今回の戦争の原因はユーリだと思っていたが、特に彼女を助けにきた様子はないし、寧ろ殺す気満々のようだし。

ならば、彼らの目的はまだ他にある可能性が高かった。


「…はぁ、本当に知らないんだ」

両者の間で長い沈黙が続くと、何やら盛大なため息と共にユーリは解放され軽く咳き込んだ。

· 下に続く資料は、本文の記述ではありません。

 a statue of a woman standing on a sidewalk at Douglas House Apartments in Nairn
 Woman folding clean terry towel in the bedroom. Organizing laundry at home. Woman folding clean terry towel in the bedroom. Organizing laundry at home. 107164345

目線だけ彼に向けると、まるで汚らわしい何かを見るかのような目つきだ。

いや、確かに私の姿はボロボロだが、そんな風に見なくても。








………ん?なんでこんなにボロボロなんだ?









「10年間、何してたの?それと、君の中でクリスタルの気配を感じるんだけど」


ユーリがまじまじと己の姿を見ていると、信じられない言葉が聞こえてきた。


10年間?クリスタル?


ユーリは唖然とした表情で彼を見る。

アーデンは不死身なので10年経っても姿は変わらないが、嘘を言っているようにも見えない。

そしてクリスタルが私の中にって、なんで?












「まぁいいや面倒くさい。話は後で聞くよ」

未だにユーリからの回答がないことが気に入らないのか、アーデンは魔導兵を呼んでユーリを捕らえた。

ユーリに近づこうともしない彼。


あぁ、なるほど。もし本当に私の中にクリスタルがあるのなら、彼は近づけないのか。

脳裏に浮かんだのは、夢での出来事。
少女の目を通して見た景色と、アーデンの目を通して見た景色が入り混じる。

それはまぁ、嫌われるでしょうね。

果たしてあの少女は私なのか、他人なのか。


アーデンが去った後、やや乱雑に捉えられたが、ユーリは気にすることなくぼんやりと物思いに耽っていた。